HOW TO USE YOUR PREMISE TO WRITE THE RESOLUTION
So it’s Friday, and on Fridays we get this little thing that we expect, and it’s called a paycheck! TGIF (Thank Goodness It’s Friday). Without that check, think about it, our entire world would crumble. Who would work, except for those who absolutely loved their jobs? Who, I ask you?
The resolution of your novel is your paycheck to the reader. And, man o’ man (or woman o’ woman), you owe her big time. She sat down with you while you rattled off your fictional anecdote which may have lasted for days. Her heart rate may have increased, and tears may have streamed down her cheeks. She probably lost hours of sleep, and God knows when she showered last. And it’s all…your…fault! You, the writer, have jerked her around like a rag doll, and now it’s time to pay the piper. She wants her money!
But, being the benevolent boss that you’ve become (alliteration), you’d stop at nothing to give your reader the satisfaction that she deserves. But, how? Think of your premise. Here’s one: Traveling the world brings tranquility.
1. Payne works in a cubicle.
2. Payne’s co-workers treat him like crap.
3. Payne loses his job.
4. Payne uses his savings to start traveling.
5. Payne tries to settle down in London.
6. Payne starts his own travel agency.
See the series of events here. Notice how each event is driven by the novel’s premise. (See WRITER’S ANONYMOUS for more about the premise-thesis).
Which point is the climax? Point 5, of course. Payne tries to resist our premise, and it doesn’t work out for him. Now the payoff is seeing Payne start a travel agency. He can use what he has experienced to share with others while still enjoying the benefits of traveling the world himself.
Your reader should view the resolution as either a breath of fresh air or a knife in the stomach (depending on whether you want a happy or a sad ending). Point 6 could be: Payne moves to San Francisco, never finds happiness, and commits suicide by jumping off the Golden Gate Bridge. YIKES!
For our rickety premise above, we can see that the payoff better be good. We have to make sure that we are not paying our readers less than what they deserve. It’s frustrating not to get paid, but it’s equally annoying not to get paid the right amount. Our premises must force the outcome of the story. They have to be feasible and believable. We don’t want our readers saying, “But ummm….why didn’t Payne just live off his rich mother’s inheritance and travel for the rest of his life?”
These types of problems can be murderous on a reader’s paycheck. But what should we remember? You got it! We’re better than that!
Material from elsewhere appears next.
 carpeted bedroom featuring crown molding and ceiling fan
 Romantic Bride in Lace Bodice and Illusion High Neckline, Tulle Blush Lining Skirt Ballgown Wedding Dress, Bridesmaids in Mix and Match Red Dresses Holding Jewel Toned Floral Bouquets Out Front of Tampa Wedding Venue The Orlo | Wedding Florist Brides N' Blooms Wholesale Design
that’s called a “contract with the reader.” you’re telling the reader that you’re going to take this character, and you’re going to put him in some impossible situations – but if you stick with me and read this whole damn book, i promise that i’ll get him out of those situations, and i’ll save his ass, and i’ll make it believeable. i won’t just have the hand of god come down and lift him up and save him while the lions are circling.
and that’s why i have trouble with stephen king. he sets up those wonderful impossible situations, but often he does not deliver on the contract. he literally does use the hand of god to save the day. sometimes.
Man good point. Stephen King is an amazing writer, but he doesn’t deliver to the reader. It’s pretty disappointing at times.
i enjoyed reading
I like having a deus ex machina sometimes, but I agree, the writer really needs to do the work of believably getting characters to rescue (or ruin) themselves.